## [PROBLEM DETAILS]
From the entries below, reproduce exactly the line containing "Large signed dashing", the line containing "A small wooden", and every line in between, with nothing added.
● ● ● ● ● ● ●
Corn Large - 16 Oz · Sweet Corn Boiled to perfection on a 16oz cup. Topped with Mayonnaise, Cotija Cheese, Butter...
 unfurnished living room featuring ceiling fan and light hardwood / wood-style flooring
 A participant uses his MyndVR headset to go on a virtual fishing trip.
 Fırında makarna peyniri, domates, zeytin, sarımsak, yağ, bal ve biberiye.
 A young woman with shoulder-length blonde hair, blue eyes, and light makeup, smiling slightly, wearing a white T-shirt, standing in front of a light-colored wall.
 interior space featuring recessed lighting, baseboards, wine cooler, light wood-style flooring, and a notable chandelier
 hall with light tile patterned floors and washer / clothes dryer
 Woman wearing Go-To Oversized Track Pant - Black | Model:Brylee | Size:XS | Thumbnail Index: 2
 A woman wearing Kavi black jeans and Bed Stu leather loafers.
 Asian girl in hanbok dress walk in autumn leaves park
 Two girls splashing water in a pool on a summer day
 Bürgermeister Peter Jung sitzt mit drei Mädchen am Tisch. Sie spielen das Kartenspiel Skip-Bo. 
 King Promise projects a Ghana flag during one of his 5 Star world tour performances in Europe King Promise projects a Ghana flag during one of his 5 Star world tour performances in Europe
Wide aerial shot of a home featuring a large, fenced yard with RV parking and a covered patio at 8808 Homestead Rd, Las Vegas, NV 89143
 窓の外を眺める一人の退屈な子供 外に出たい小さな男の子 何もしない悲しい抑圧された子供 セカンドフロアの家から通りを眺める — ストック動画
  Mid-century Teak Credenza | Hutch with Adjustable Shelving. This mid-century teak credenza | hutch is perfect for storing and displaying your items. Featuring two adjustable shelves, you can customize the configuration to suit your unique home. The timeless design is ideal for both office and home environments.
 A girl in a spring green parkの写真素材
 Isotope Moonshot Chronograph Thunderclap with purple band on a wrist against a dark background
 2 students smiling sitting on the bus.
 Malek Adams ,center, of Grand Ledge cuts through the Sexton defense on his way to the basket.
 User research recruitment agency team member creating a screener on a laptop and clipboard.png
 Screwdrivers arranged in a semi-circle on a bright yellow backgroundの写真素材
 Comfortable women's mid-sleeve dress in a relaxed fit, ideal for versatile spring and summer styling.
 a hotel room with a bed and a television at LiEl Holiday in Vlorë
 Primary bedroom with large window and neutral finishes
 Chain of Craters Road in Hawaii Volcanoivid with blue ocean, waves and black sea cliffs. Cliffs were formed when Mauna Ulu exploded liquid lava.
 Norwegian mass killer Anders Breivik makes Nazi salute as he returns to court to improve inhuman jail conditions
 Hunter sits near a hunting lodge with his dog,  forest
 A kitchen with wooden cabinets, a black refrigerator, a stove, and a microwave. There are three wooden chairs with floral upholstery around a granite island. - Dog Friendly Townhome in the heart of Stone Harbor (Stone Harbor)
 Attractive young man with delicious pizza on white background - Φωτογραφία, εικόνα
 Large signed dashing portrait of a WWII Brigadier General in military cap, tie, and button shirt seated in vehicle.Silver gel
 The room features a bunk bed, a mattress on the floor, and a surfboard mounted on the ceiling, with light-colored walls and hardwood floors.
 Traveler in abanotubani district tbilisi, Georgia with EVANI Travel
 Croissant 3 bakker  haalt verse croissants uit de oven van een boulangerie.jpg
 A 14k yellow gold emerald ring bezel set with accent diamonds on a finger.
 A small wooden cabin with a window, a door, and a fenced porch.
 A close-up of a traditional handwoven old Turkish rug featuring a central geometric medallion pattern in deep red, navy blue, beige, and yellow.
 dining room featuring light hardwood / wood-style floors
● ● ● ● ● ● ●
## [TASK ANSWER]
 Large signed dashing portrait of a WWII Brigadier General in military cap, tie, and button shirt seated in vehicle.Silver gel
 The room features a bunk bed, a mattress on the floor, and a surfboard mounted on the ceiling, with light-colored walls and hardwood floors.
 Traveler in abanotubani district tbilisi, Georgia with EVANI Travel
 Croissant 3 bakker  haalt verse croissants uit de oven van een boulangerie.jpg
 A 14k yellow gold emerald ring bezel set with accent diamonds on a finger.
 A small wooden cabin with a window, a door, and a fenced porch.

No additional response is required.